Every customer gets an authenticated user account and workspace. App routes verify the session cookie, confirm workspace ownership, and apply per-user rate limits before sensitive actions run. Firestore and Storage rules are owner-scoped so one customer cannot read or write another customer's workspace data.

Authentication

  • Sign-in uses Firebase Auth with email/password or Google sign-in.
  • New accounts may be approved in waves during the public beta.
  • App sessions use secure, HTTP-only cookies with a five-day lifetime.
  • Password reset is handled through Firebase Auth.

Encryption

  • In transit. Every connection between your browser and our servers uses TLS 1.2 or higher with modern cipher suites.
  • At rest. Your account data is encrypted on disk at our hosting provider (AES-256).
  • Server-side tokens. X OAuth tokens are stored server-side and are cleared when you disconnect X. They are not stored in browser local storage.

X access (OAuth)

You connect your X account via OAuth 2.0 with PKCE — we never see your X password. Brandzy requests scopes needed to read permitted X data, refresh the connection, draft/review actions, and support explicit user-approved publishing. DM read access is optional and is requested only when you enable DM qualification.

Brandzy uses the official X API. It is built around human review, platform rate limits, and no bulk auto-DM workflow.

DM data minimization

When DM qualification is enabled, Brandzy reads recent DM events to classify buyer seriousness. It stores verdicts, summaries, evidence, participant metadata, timestamps, and next actions. It does not store raw DM text as durable account content.

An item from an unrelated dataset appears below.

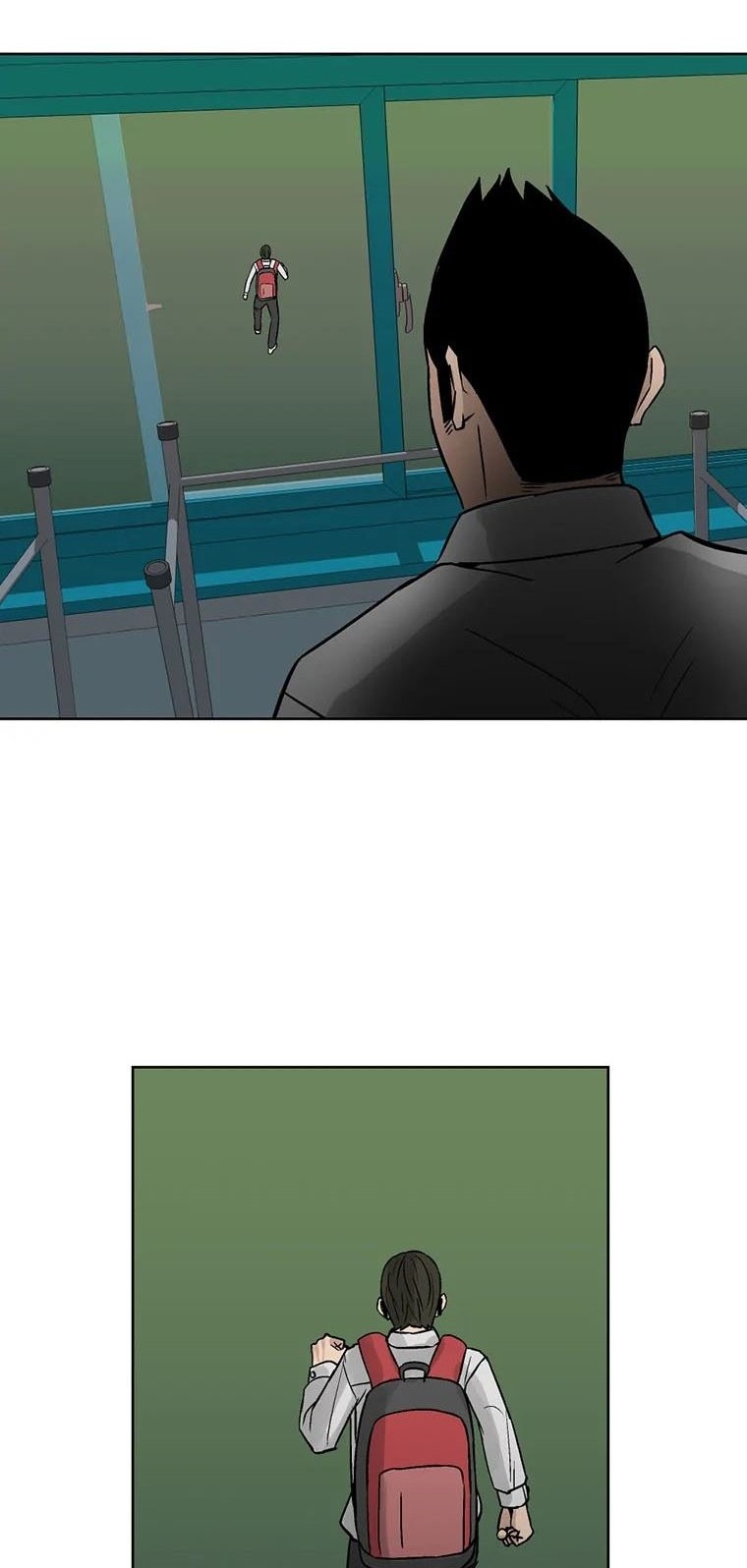Chapter 8 - halaman 31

Access controls inside Brandzy

Internal Brandzy access to customer data is limited to what is needed for support, security, billing, abuse prevention, or production incidents. The operating standard is:

  • Minimum necessary. We avoid opening customer content unless it is needed to resolve a specific issue.
  • Scoped. Production credentials are kept out of source control and environment-specific secrets are loaded server-side.
  • Careful by default. We do not use customer content for demos, marketing, or public examples unless it is anonymized, fictionalized, or explicitly approved.

Monitoring and incident response

We monitor for errors, rate-limit abuse, failed-authentication patterns, and anomalous API usage. If we detect an incident that affects your data, we'll notify affected customers as required and share what we know, what we're doing, and what you need to do.

Backups and continuity

Brandzy runs on managed Firebase and Google Cloud infrastructure. We rely on provider-level durability, restricted destructive actions, and account-level deletion flows to reduce the risk of accidental data loss while the product is in public beta.

AI and your content

Brandzy currently uses xAI/Grok for signal classification, Coach output, and draft generation. AI inputs can include your business context, lead context, public X data, and recent DM text when you enable DM qualification. We do not train Brandzy-owned models on your content, and we do not authorize model training on your Brandzy content.

What we don't do

  • We don't sell your data.
  • We don't share accounts between customers.
  • We don't use your content to train public AI models.
  • We don't store your X password — OAuth only.
  • We don't store raw DM text as durable Brandzy account content.
  • We don't send bulk auto-DMs.

Compliance

Brandzy is an early-stage product; we don't yet hold formal security certifications and will pursue them as customer demand warrants. Where applicable, we honor the rights described in our Privacy policy.

Reporting a vulnerability

Found a security issue? Please email hello@brandzy.io with a clear description, steps to reproduce, and any impact assessment you can share. We address verified issues as fast as their severity requires, and credit responsible disclosures when you'd like that.

Updates to this page

We update this page as our security program evolves. The "last updated" date at the top reflects the most recent change.